→ **Your goal**
Going through the data below, please show each line containing the string "Photo".

Data excerpts:
= = =

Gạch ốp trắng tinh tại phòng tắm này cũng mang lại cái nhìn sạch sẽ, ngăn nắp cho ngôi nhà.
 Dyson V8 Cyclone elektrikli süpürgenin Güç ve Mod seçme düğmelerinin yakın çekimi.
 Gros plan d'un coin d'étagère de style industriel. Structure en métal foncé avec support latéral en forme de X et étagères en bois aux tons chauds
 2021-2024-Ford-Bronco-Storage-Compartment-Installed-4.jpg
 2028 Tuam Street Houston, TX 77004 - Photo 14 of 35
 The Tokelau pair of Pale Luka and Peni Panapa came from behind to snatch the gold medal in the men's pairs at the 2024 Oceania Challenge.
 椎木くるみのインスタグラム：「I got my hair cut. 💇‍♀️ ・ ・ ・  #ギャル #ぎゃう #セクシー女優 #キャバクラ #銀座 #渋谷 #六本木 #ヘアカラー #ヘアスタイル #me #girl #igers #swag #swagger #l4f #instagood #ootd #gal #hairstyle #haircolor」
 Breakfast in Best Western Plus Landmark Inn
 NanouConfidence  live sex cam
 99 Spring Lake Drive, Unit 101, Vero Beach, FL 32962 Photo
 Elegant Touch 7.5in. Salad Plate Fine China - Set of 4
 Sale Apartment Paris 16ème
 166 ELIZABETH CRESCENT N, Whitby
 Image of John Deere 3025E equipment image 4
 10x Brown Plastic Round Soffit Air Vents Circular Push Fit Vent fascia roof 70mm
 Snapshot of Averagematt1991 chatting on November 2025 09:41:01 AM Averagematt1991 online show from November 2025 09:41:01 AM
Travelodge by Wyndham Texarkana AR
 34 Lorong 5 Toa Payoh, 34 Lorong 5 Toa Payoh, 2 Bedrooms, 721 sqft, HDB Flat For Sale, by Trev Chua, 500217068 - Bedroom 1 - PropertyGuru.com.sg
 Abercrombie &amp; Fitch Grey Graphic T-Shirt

= = =

→ **Answer section**
 2028 Tuam Street Houston, TX 77004 - Photo 14 of 35
 99 Spring Lake Drive, Unit 101, Vero Beach, FL 32962 Photo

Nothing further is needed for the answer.